Film review: Political thriller Leave No Traces is a multi-layered affair
Leave No Traces
★★★★☆
Based on historical events, Leave No Traces (15A) is a political thriller set in Communist Poland during the 1980s.
When student Grzegorz Przemyk (Mateusz Górski) is brutally beaten in a police station, and subsequently dies of his injuries, the only witness is his friend Jurek (Tomasz Zietek). With Pope John Paul II due to visit Poland, the authorities try to hush up the circumstances around Grzegorz’s death, not least because Grzegorz is the son of the Solidarity activist Barbara Sadowska (Sandra Korzeniak).
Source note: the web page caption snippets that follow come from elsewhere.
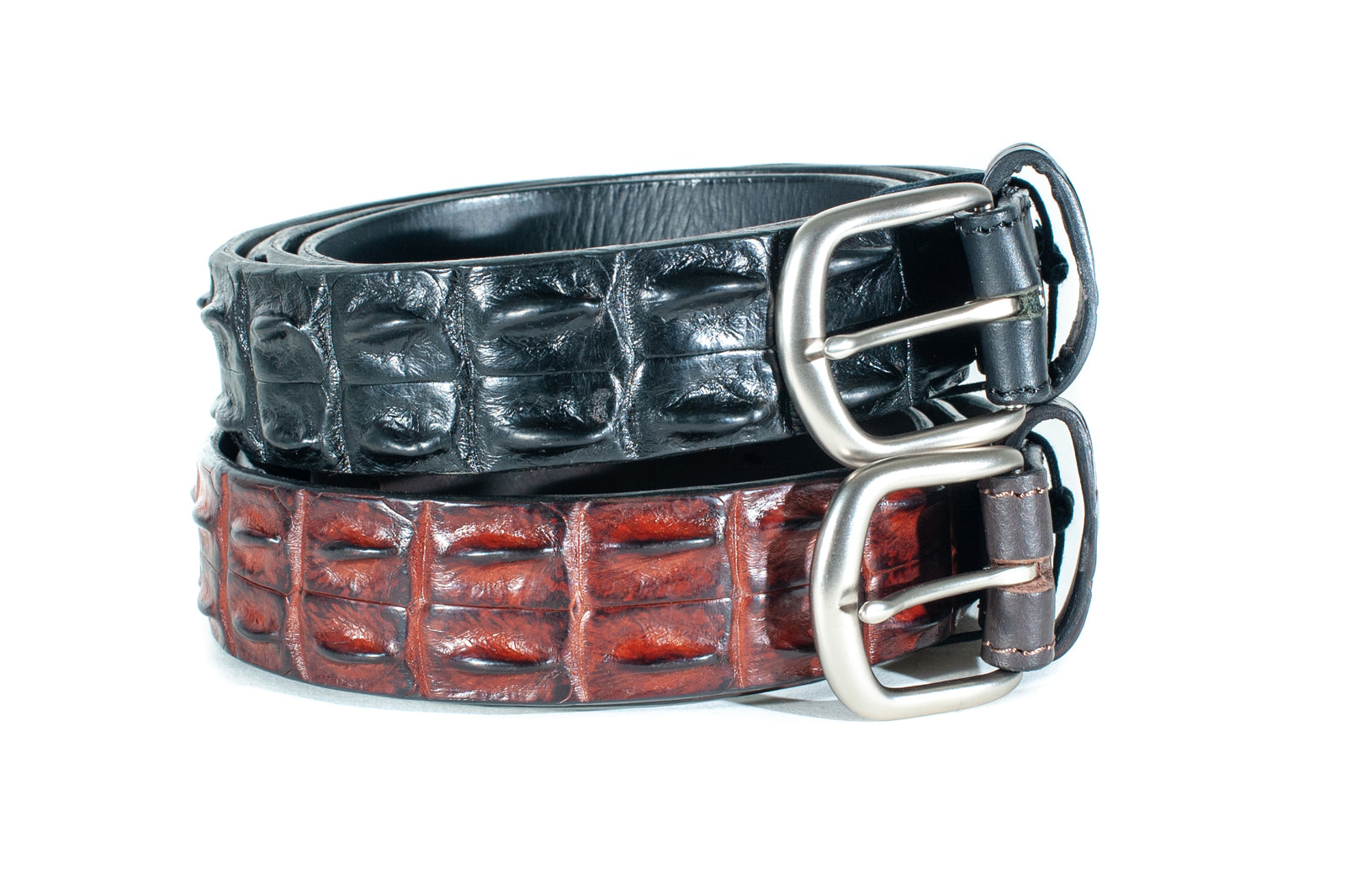 di CROCO saltwater crocodile made in Australia SKIN HORNBACK BELT Australian Hornback Saltwater Crocodile – Fairway Exotics main image 2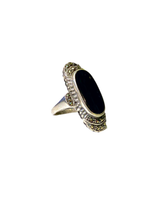 Black Onyx Ring in Sterling Silver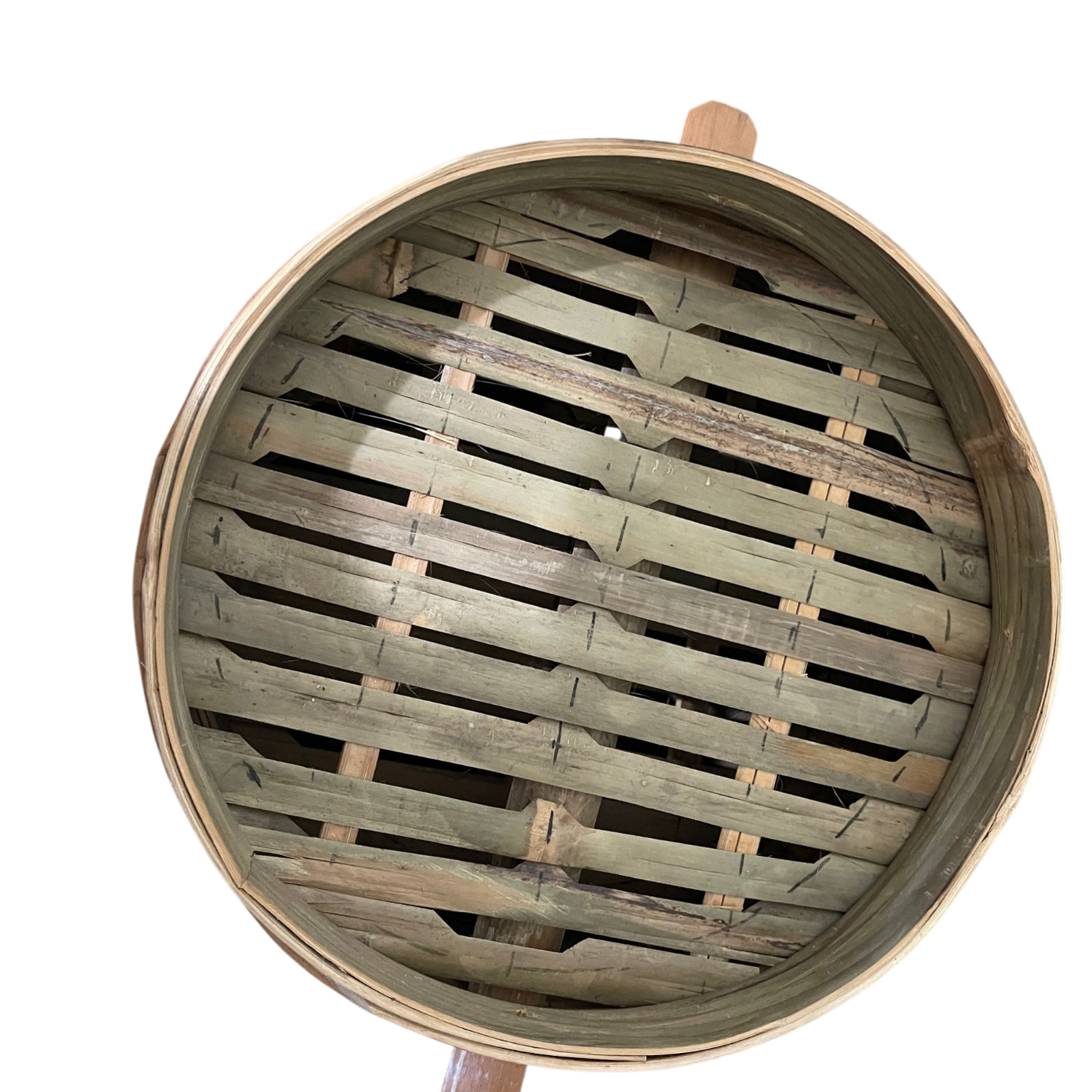 Vintage 3 Tier Bamboo Steamer Basket 13” Round w Lid Asian Kitchen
Soon Jurek becomes the most wanted man in Poland, as the State brings the full weight of its resources to bear on suppressing the truth by any means necessary.
Jan P Matuszynski’s film is a multi-layered affair that explores the killing of Grzegorz Przemyk from a number of angles, which include the desperate attempts by General Czeslaw Kisczak (Robert Wieckiewicz) to enact a cover-up.
Jurek is the ostensible hero of the piece, but it’s when we see the story through the authorities’ eyes that the film is at its most fascinating, as their increasingly ridiculous attempts to shunt the blame onto anyone except the guilty parties results in a fact-mangling cat’s cradle worthy of Kafka and Orwell at their most absurd.